Tamoxifen cannot bind to progesterone receptors though. [B]So in the short run Tamoxifen can in fact aggravate progesterone related gynecomastia for some individuals. Note the study utilized twenty individuals and only 3 out of 5 (60%) had PGR upregulation. In the span of 3-4 weeks those same patients with increased PGR noticed a decrease in PGR levels.

So in summation, in the short run I.E. a span of 1-2 weeks approximately 60% of people will experience progesterone upregulation. In the long run however, EVERYONE will experience PGR downregulation.

So what's my recommendation? Implement Tamoxifen use 4 weeks prior to a 19-nor cycle to down regulate PGR receptors. Of course this whole treatise is a moot point as the use of a prolactin inhibitors makes progesterone gynecomastia a thing of the past.

Once again I have provided the abstract and highlighted key points.

Quote:
Abstract

Twenty patients with primary breast cancer were treated with tamoxifen (10 mg p.o. twice a day) for 1 to 4 weeks. Before and after the tamoxifen administration, tumor specimens were obtained and assayed for estrogen receptors and progesterone receptors (PGR). Total cytosol estrogen receptor (ERC) and occupied nuclear estrogen receptor (ERN) were measured by hydroxylapatite assay, and unoccupied PGR was measured by the dextran-coated charcoal assay. ERC, ERN, and PGR were detectable in 11, 8, and 6 tumors, respectively, before tamoxifen administration. After tamoxifen treatment, ERC decreased in 10 of 11 ERC-positive tumors. Occupied ERN increased in three of five ERN-positive tumors treated with tamoxifen for a short period (1 to 2 weeks), but they decreased in all of three ERN-positive tumors after longer administration (3 to 4 weeks). PGR increased in three of five ERN-positive tumors after short-term tamoxifen treatment, but they decreased in all of three tumors treated by the drug for a longer period. Increased PGR responses were accompanied by an increase of ERN in two of three ERN-positive tumors. These results suggest that tamoxifen interacts with the estrogen receptor system in human breast cancer tissue and may be estrogenic during short treatment, while longer treatment results in an antiestrogenic response

.
I of course have several more sources regarding this matter I put the two referenced and two others in my references. I have a total of 31 articles related to this though and I am too lazy to put them all in. If you have questions regarding certain topics I can point you towards an article that may clarify the topic for you.

References
1. Gynecol Endocrinol. 1993 Sep;7(3):185-9. Effects of tamoxifen on endometrial estrogen and progesterone receptor concentrations in women with fibrocystic disease of the breast. Pérez-López FR, Blasco Comenge C. Department of Obstetrics and Gynecology, Hospital Clínico, Zaragoza, Spain.

2. Cancer Res. 1981 May;41(5):1984-8.
Effects of tamoxifen on estrogen and progesterone receptors in human breast cancer. Waseda N, Kato Y, Imura H, Kurata M.

3. Br J Cancer. 1993 March; 67(3):611. PMCID: PMC1968274
Effect of tamoxifen on Ki67 labelling index in human breast tumours and its relationship to oestrogen and progesterone receptor status. R. B. Clarke, I. J. Laidlaw, L. J. Jones, A. Howell, and E. Anderson
Clinical Research Dept., Christie Hospital NHS Trust, Withington, Manchester.
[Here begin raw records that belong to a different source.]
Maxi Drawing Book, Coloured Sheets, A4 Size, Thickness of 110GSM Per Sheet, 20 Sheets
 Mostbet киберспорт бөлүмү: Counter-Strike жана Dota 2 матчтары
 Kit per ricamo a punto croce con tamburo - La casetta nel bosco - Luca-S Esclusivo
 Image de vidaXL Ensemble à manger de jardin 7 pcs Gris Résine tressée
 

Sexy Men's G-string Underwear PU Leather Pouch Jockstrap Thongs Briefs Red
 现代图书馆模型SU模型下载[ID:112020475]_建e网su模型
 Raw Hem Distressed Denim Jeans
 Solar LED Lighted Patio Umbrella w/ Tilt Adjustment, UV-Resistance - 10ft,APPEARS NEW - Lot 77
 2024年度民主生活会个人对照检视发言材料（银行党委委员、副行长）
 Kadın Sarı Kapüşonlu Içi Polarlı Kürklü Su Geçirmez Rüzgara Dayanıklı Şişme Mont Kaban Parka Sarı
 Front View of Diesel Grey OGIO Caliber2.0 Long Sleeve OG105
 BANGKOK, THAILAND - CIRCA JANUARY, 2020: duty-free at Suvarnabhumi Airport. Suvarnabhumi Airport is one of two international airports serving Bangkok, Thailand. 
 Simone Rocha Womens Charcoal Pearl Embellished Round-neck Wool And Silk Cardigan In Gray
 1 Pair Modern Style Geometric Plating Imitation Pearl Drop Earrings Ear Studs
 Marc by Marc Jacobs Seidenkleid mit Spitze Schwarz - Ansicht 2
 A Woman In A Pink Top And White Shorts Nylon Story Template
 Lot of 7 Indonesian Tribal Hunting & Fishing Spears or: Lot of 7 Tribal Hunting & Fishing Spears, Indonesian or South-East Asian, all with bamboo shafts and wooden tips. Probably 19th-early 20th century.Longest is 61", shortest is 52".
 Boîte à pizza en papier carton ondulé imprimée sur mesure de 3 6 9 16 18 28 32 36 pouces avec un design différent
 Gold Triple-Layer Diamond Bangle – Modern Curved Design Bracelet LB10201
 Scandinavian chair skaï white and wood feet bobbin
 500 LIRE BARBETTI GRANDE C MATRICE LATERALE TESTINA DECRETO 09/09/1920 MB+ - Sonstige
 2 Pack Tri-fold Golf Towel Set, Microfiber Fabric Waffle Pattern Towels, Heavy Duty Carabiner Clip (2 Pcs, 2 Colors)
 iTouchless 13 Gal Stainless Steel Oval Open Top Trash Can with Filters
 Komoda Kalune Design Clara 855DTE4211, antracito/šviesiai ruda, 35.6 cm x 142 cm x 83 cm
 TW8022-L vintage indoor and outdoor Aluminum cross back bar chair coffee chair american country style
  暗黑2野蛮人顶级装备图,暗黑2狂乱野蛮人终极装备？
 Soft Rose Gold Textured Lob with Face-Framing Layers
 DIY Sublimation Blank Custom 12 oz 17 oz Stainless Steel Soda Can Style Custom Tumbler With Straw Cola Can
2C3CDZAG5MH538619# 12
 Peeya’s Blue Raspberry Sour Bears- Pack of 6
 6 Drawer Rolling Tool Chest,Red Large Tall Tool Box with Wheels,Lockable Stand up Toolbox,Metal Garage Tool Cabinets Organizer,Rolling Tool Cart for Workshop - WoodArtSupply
4. Clinical Cancer Research. High Progesterone Receptor Expression Correlates to the Effect of Adjuvant Tamoxifen in Premenopausal Breast Cancer Patients. Maria Stendahl1,2, Lisa Rydén1, Bo Nordenskjöld3, Per Ebbe Jönsson4, Göran Landberg1 and Karin Jirström1

Thanks again bro, that is the best explanation on the subject that I have ever seen on Tomox PGR upregulation/downregulation!!!!!!!!!

NP man, hummdiddly was great at seeing through the BS. I enjoy his post's.

Absolutely spot on with that article OAK!!! Great stuff!

Do you have any articles about clomid use for pct after a nor 19 was run?

This is my last question

no there is really no clinical research on PCT, Scally is the only one who ever published literature on it. he never metnioned what compounds the guys used, just that they were hypo.